During the June 27 broadcast of the radio show Focus on the Family, James Dobson, founder and chairman of Focus on the Family, hosted former U.S. Ambassador to Iraq and administrator of the Coalition Provisional Authority L. Paul Bremer and his wife, Francine. Discussing the debate over the future of U.S. troop deployments in Iraq, Dobson accused “prominent Democrats” such as Rep.
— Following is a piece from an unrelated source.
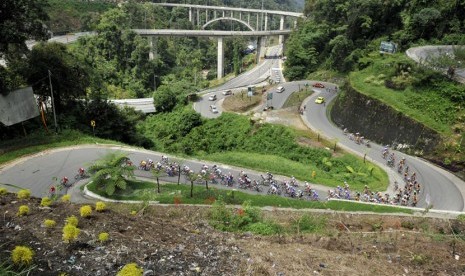  Pebalap sepeda melintasi jalur Fly Over Kelok Sembilan pada etape III Tour de Singkarak 2014 dengan rute Limapuluhkota - Tanah Datar di Limapuluh Kota, Sumbar, Senin (9/6). (Antara/Wahyu Putro)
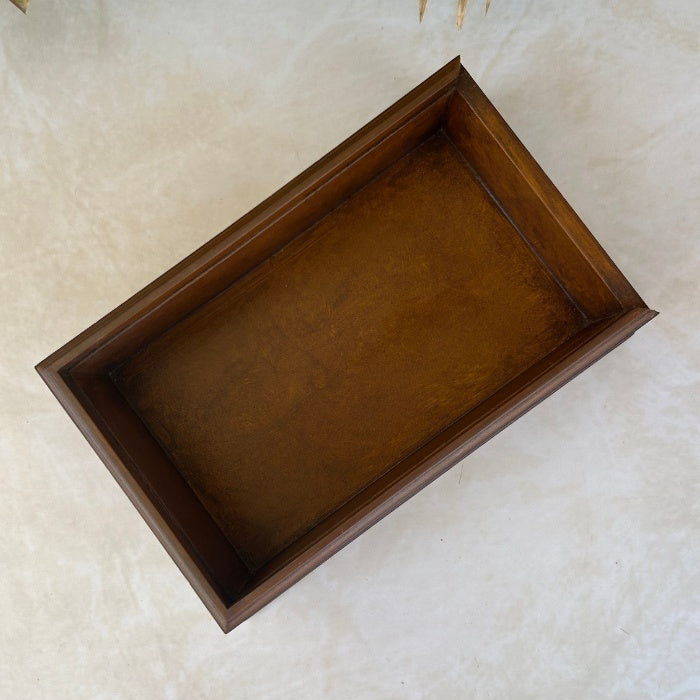 Inside of wooden box on a textured surface with green leaves in the background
John P. Murtha (D-PA) of “implying we ought to cut and run,” then compared Democrats' strategy for Iraq to “the last helicopter,” referring to the helicopter evacuation of U.S. embassy employees from South Vietnam in 1975.
From the June 27 broadcast of Focus on the Family:
DOBSON: When I hear some prominent, Democrats primarily, Congressman Murtha and others, implying that we ought to cut and run, I think of what is referred to as the last helicopter.
FRANCINE BREMER: Yes.
DOBSON: You know, it's coming out of Vietnam and after we were gone in that --
FRANCINE BREMER: Oh, the blood that flowed. Oh, the blood that flowed.
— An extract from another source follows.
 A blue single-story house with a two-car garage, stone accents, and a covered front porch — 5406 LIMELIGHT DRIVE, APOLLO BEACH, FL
DOBSON: The blood flowed unbelievably.
FRANCINE BREMER: I know.
DOBSON: And that will happen again. I mean, you can imagine --
FRANCINE BREMER: Imagine, yeah.
DOBSON: -- what would occur if we don't win this thing --
FRANCINE BREMER: Yes.
DOBSON: -- and don't get a stable government in place, and it becomes a civil war, and we're gone.
Though Dobson mentioned “others” who supposedly want to “cut and run” from Iraq, he did not mention Gen. George W. Casey Jr., the top American commander in Iraq, who according to a New York Times article, briefed senior Bush administration officials on his plan “that projects sharp reductions in the United States military presence there [in Iraq] by the end of 2007, with the first cuts coming this September.”